Foram dois julgamentos. No primeiro, venceu a defesa do réu e a tese (hoje inconcebível) da “legítima defesa da honra”, com punição diminuta para quem mata alguém.

No segundo julgamento vingou a tese acusatória: 15 anos de cárcere. O tribunal do júri, soberano e formado por pessoas comuns, é sempre volúvel, como, aliás, são também volúveis os juízes concursados e profissionais.

O Código Penal estabelece três modalidades de homicídio doloso: homicídio comum (seis a 20 anos de reclusão), homicídio privilegiado (pena reduzida de um sexto a um terço) e homicídio qualificado (12 a 30 anos de reclusão).

Matar alguém por vingança ou por traição ou por ser mulher (condutas consideradas mais graves) é diferente de matar alguém porque, por exemplo, foi humilhado durante uma discussão. É natural existir penas diferentes para situações distintas.

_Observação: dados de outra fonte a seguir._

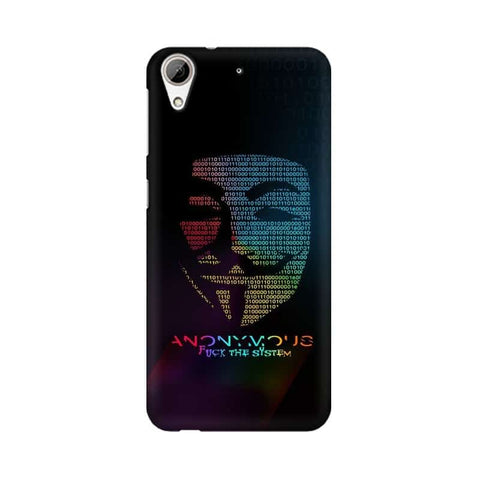 Anon Hackers Mobile Cover For HTC Desire 626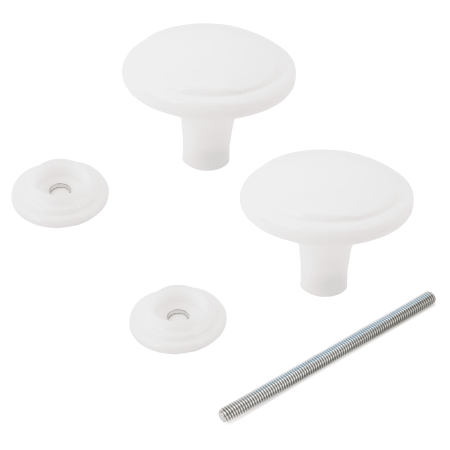 Ручка-кнопка РДП-03-1-Белая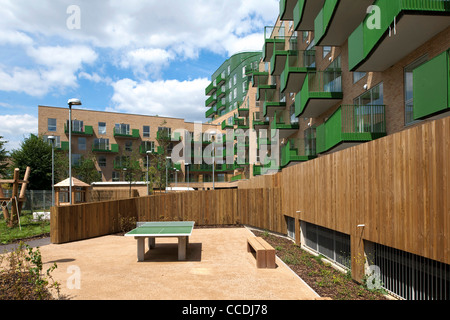 Bezahlbarer Wohnraum Czwg Architekten für Gehäuse Netzwerkgruppe im Park Royal Stockfoto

A figura da “legítima defesa da honra” não existe no Código Penal. É criação de advogados que se aproveitaram da ignorância, do machismo e do moralismo das pessoas comuns.

O que existe é a redução de pena para situações especiais: quando o réu pratica o crime “impelido por motivo de relevante valor social ou moral” ou sob o domínio de “violenta emoção” logo em seguida a “injusta provocação da vítima”.

O mundo mudou desde o assassinato de Ângela Diniz. As relações afetivas também. Pessoas do mesmo sexo mantêm sociedades conjugais. Mulheres também matam suas mulheres, assim como homens matam seus maridos: é o que se vê no noticiário, ainda que a maioria dos crimes seja de homens contra mulheres.

Mas nunca mais será admitido o argumento da “legítima defesa da honra”, ainda que a violenta emoção esteja presente nas relações afetivas e permaneça nos recintos dos tribunais.